Q: What is the most annoying thing in e-mail?
Apart from the screwed up read order (especially when mixed together in a
thread when someone responds using the mandated bottom-posting style), it
also makes it impossible to quote only parts of the original mail.
When you reply to a mail. You let the mail client insert the previous mail
quoted. Then you put the cursor on the first line of the mail and you move
down through the mail, deleting all parts of the quotes that don't add
context for your comments. When you want to add a comment you do so, inline,
right after the quotes that relate to your comment. Then you continue
downwards again.
When most of the quotes have been removed and you've added your own words,
you're done!
2.5 HTML is not for mails
Please switch off those HTML encoded messages. You can mail all those funny
mails to your friends. We speak plain text mails.
2.6 Quoting
Quote as little as possible. Just enough to provide the context you cannot
leave out. A lengthy description can be found here:
2.7 Digest
We allow subscribers to subscribe to the "digest" version of the mailing
lists. A digest is a collection of mails lumped together in one single mail.
Should you decide to reply to a mail sent out as a digest, there are two
things you MUST consider if you really really cannot subscribe normally
Cut off all mails and chatter that is not related to the mail you want to
reply to.
Change the subject name to something sensible and related to the subject,
preferably even the actual subject of the single mail you wanted to reply to
2.8 Please Tell Us How You Solved The Problem!
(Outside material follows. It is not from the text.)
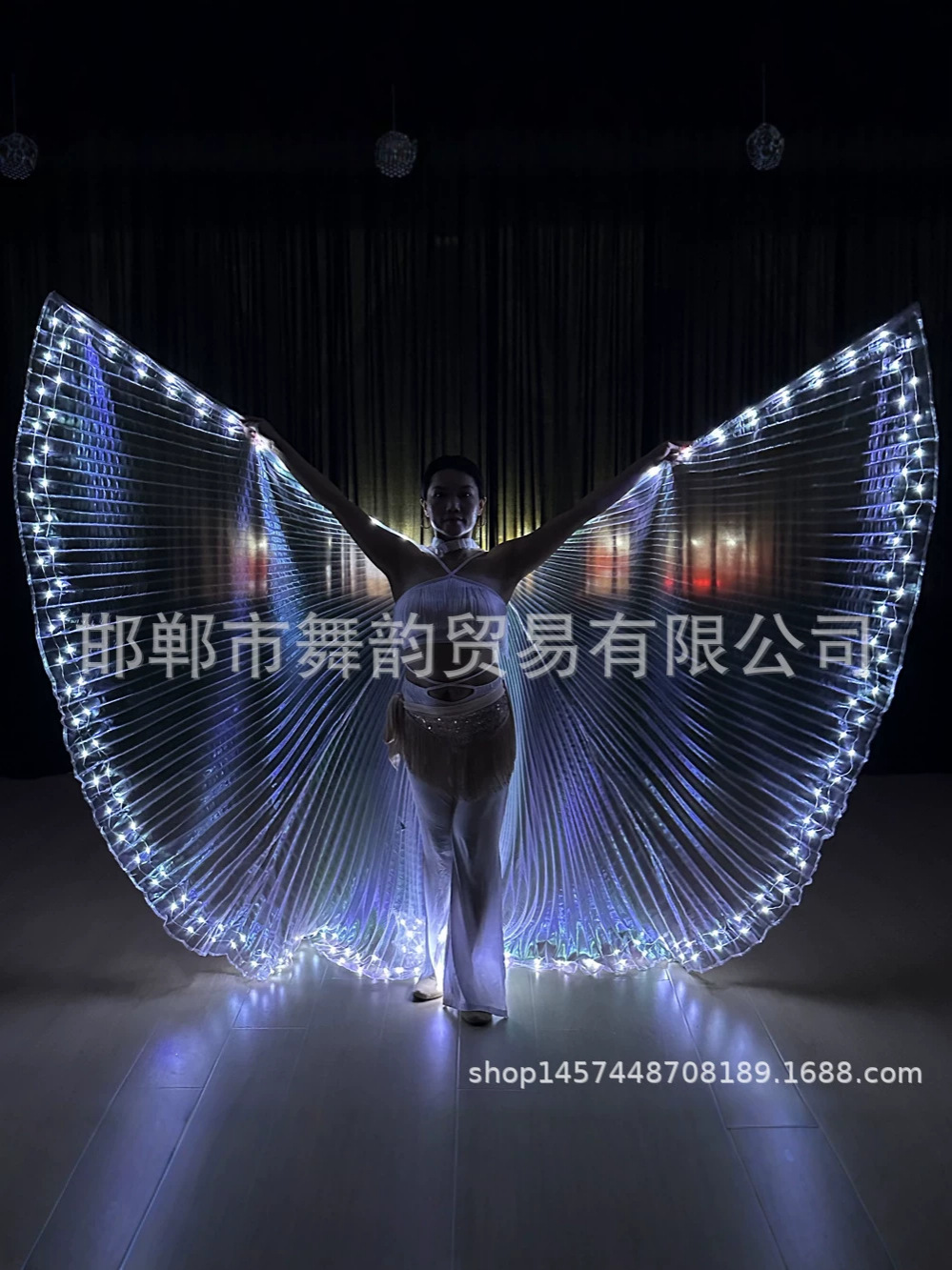 Accesorios de espectáculo de escenario danza alas de hadas iluminadas LED fiesta cosplay luz blanca fábrica directa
Many people mail questions to the list, people spend some of their time and
make an effort in providing good answers to these questions.
If you are the one who asks, please consider responding once more in case
one of the hints was what solved your problems. The guys who write answers
feel good to know that they provided a good answer and that you fixed the
problem. Far too often, the person who asked the question is never heard from
again, and we never get to know if he/she is gone because the problem was
solved or perhaps because the problem was unsolvable!
Getting the solution posted also helps other users that experience the same
problem(s). They get to see (possibly in the web archives) that the
suggested fixes actually has helped at least one person.